:: EXERCISE MATERIAL ::
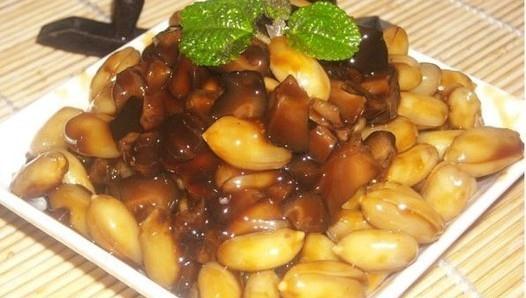 �㹽��������������,�����,�㹽����������ô���ó���ϸ����ͼ�������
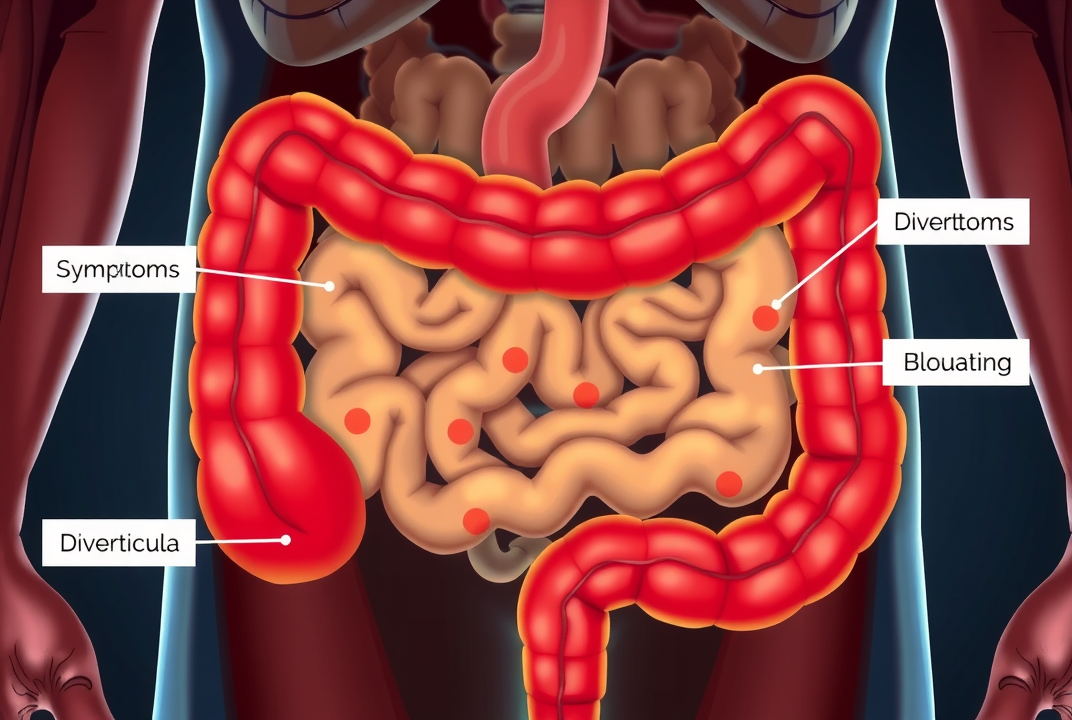 Post cover image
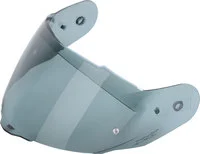 Pinlock- X.T1
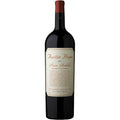 Austin Hope Cabernet Sauvignon Paso Robles 2015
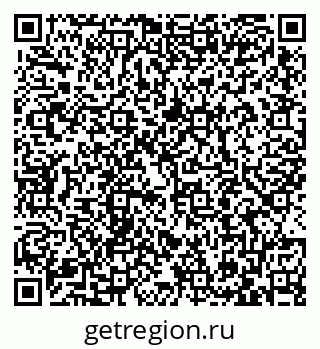 79087702094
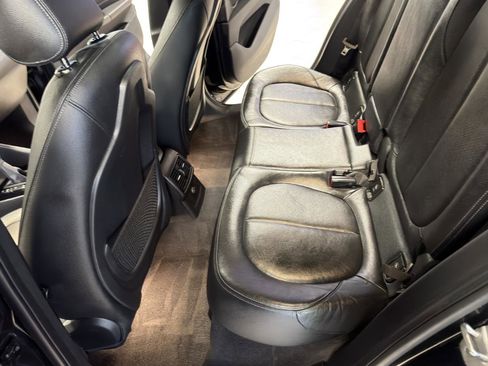 Used 2016 BMW X1 xDrive28i image 37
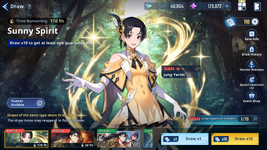 1786333811149.png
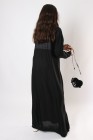 Abaya dubai Hanane
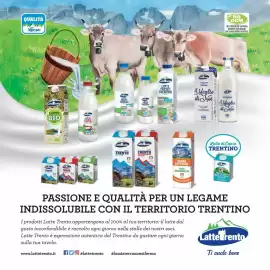 Volantino Orvea Pagina 18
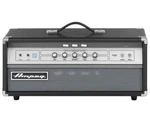 Ampeg V-4B Classic Series 100-WATT Tube Bass Head Open Box. Price: $1649.99.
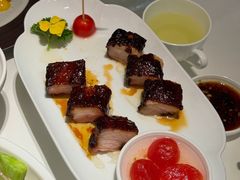 -南棠馆粤菜坊(群光店)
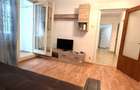 2 camere decomandat, parter, 2 min metrou, zona excelenta, pet friendly - 3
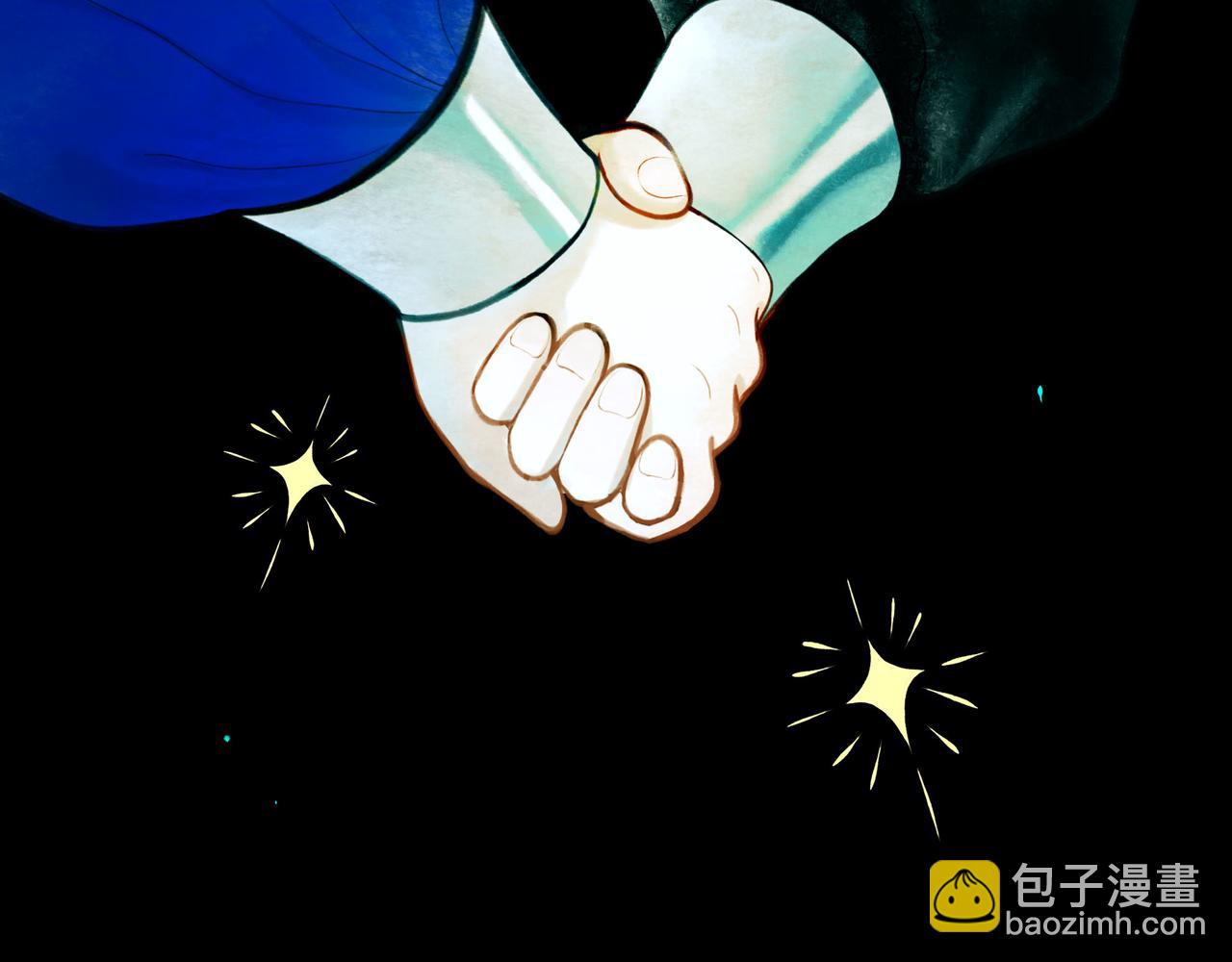 113.完结话 一场冬雪206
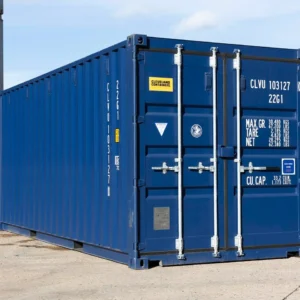 20 fuß bürocontainer (copy)
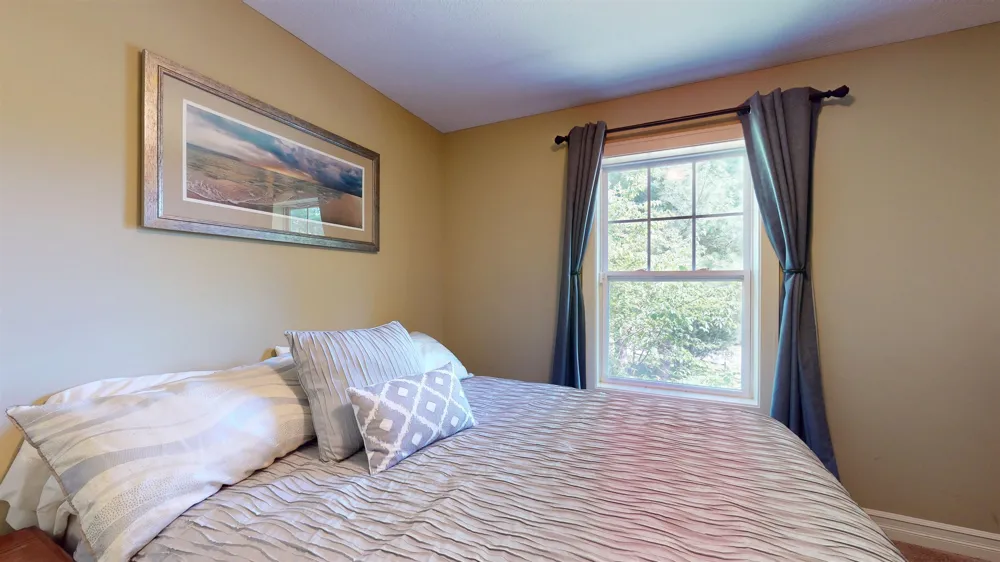 11130 French Court Whitewater Township, MI 49690
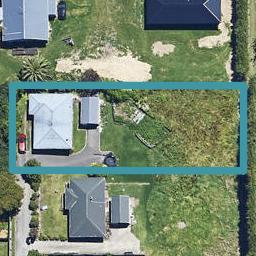 20 Conway Road, Paengaroa, Te Puke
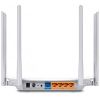 TP-Link Archer C50 Dualband WLAN Router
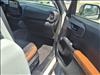 2021 Ford Bronco Sport Badlands - thumbnail 25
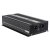 Menič napätia z 24/230V + USB, 5000W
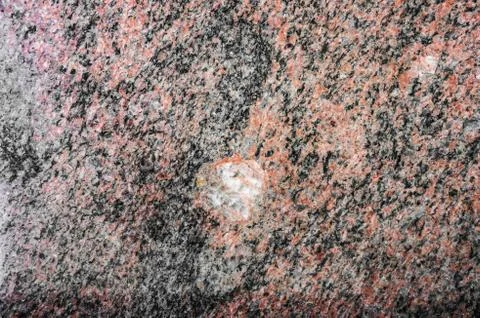 Red marble texture with natural pattern, can be used as a background for disp Stock Photos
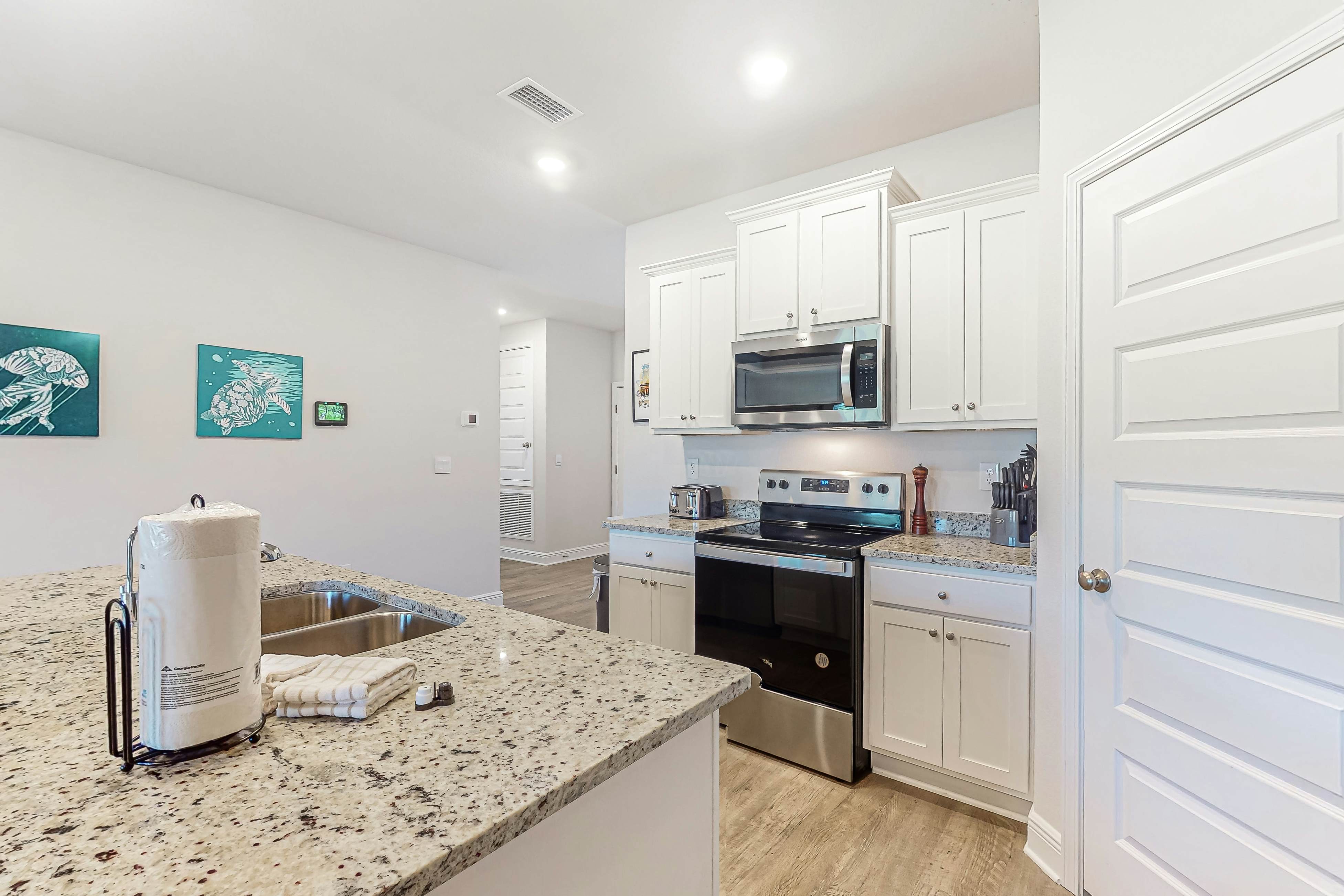 Windmark : Seaside Siesta & Sabbatical-  The Ultimate Group Getaway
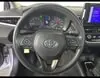 Florida Fine Cars - Used TOYOTA COROLLA 2023 WEST PALM LE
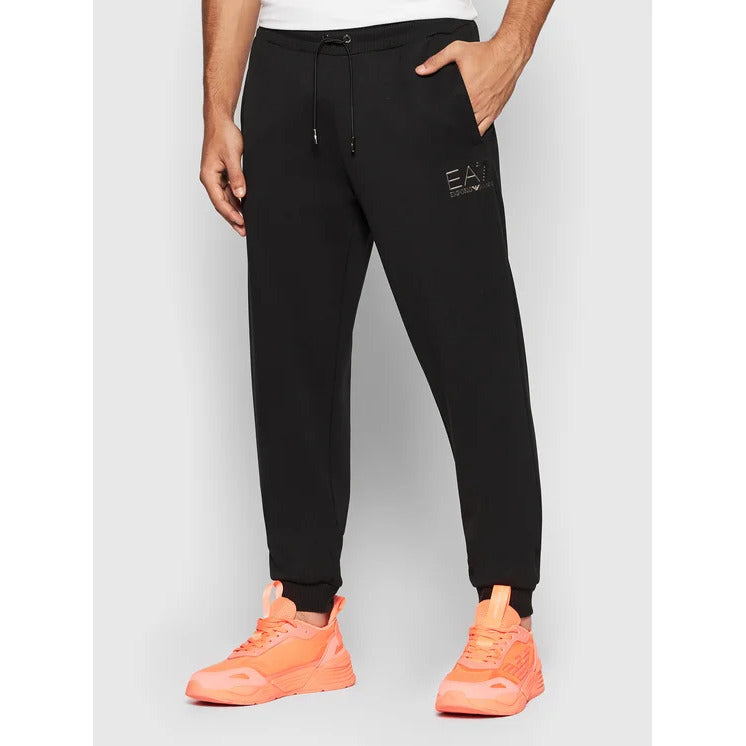 Pantaloni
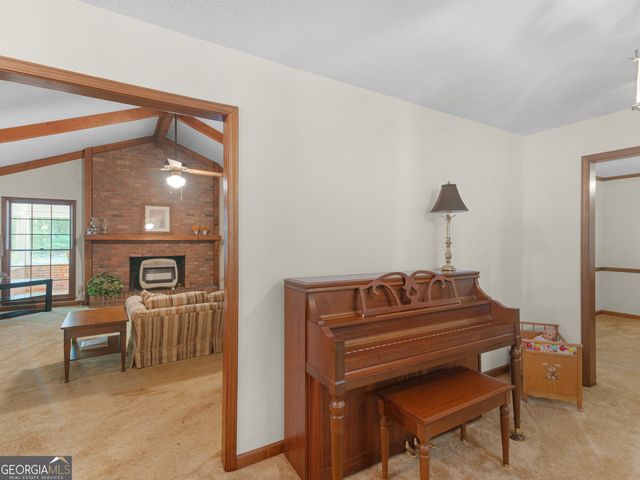 1038 Jodeco Road, Stockbridge, GA 30281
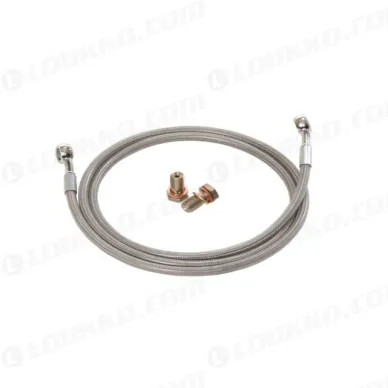 497e868c121209cc1988a9e0f7af2063 kuva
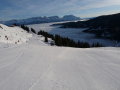 P1020167.JPG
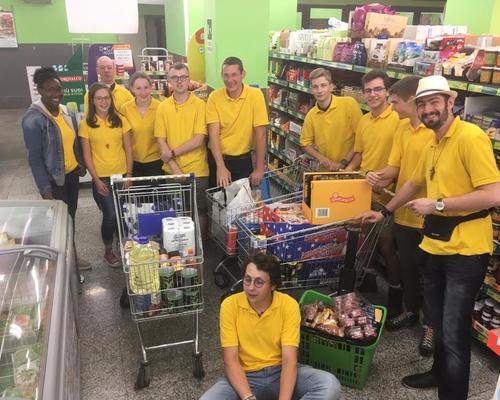 rome-jeunes-15-07-16-940140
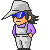 ˧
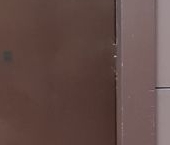 Продать Квартиры вторичка Путилково пгт, улица Новотушинская, 2   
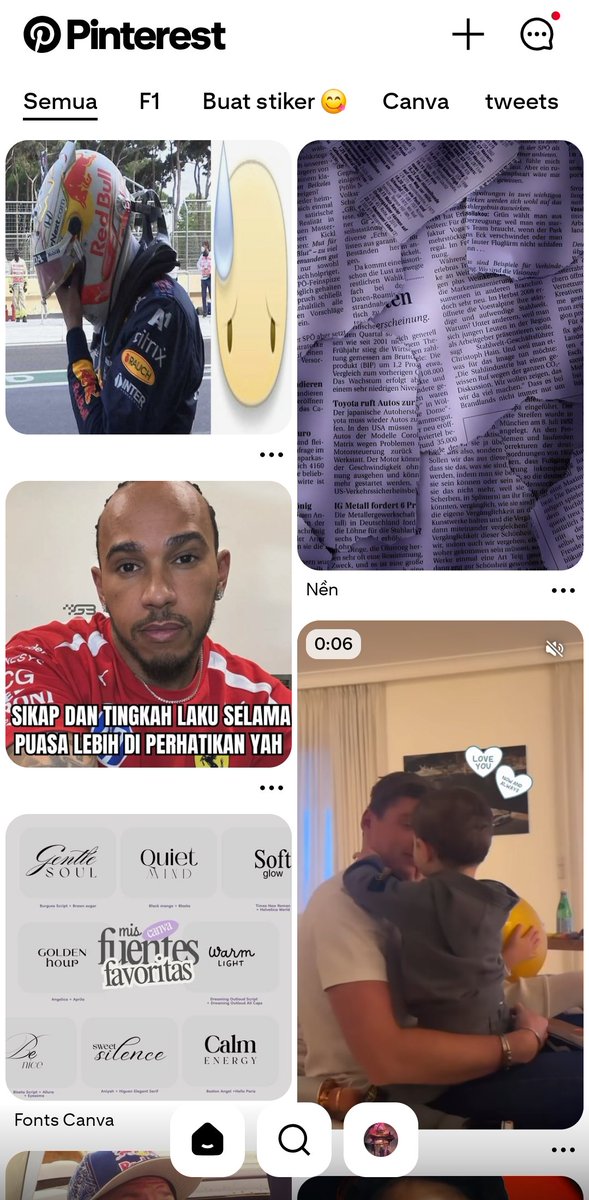 SeannRai's tweet photo. profile/lockscreen/last song played/pinterest https://t.co/0JGsYp2yq5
:::
■ **TASK DIRECTIONS**
Only the lines from the first line of the data above through the line with "Продать Квартиры вторичка" should appear in the answer, retyped exactly, with every picture left out.

■ **RESULT FOR THIS EXERCISE**
 �㹽��������������,�����,�㹽����������ô���ó���ϸ����ͼ�������
 Post cover image
 Pinlock- X.T1
 Austin Hope Cabernet Sauvignon Paso Robles 2015
 79087702094
 Used 2016 BMW X1 xDrive28i image 37
 1786333811149.png
 Abaya dubai Hanane
 Volantino Orvea Pagina 18
 Ampeg V-4B Classic Series 100-WATT Tube Bass Head Open Box. Price: $1649.99.
 -南棠馆粤菜坊(群光店)
 2 camere decomandat, parter, 2 min metrou, zona excelenta, pet friendly - 3
 113.完结话 一场冬雪206
 20 fuß bürocontainer (copy)
 11130 French Court Whitewater Township, MI 49690
 20 Conway Road, Paengaroa, Te Puke
 TP-Link Archer C50 Dualband WLAN Router
 2021 Ford Bronco Sport Badlands - thumbnail 25
 Menič napätia z 24/230V + USB, 5000W
 Red marble texture with natural pattern, can be used as a background for disp Stock Photos
 Windmark : Seaside Siesta & Sabbatical-  The Ultimate Group Getaway
 Florida Fine Cars - Used TOYOTA COROLLA 2023 WEST PALM LE
 Pantaloni
 1038 Jodeco Road, Stockbridge, GA 30281
 497e868c121209cc1988a9e0f7af2063 kuva
 P1020167.JPG
 rome-jeunes-15-07-16-940140
 ˧
 Продать Квартиры вторичка Путилково пгт, улица Новотушинская, 2   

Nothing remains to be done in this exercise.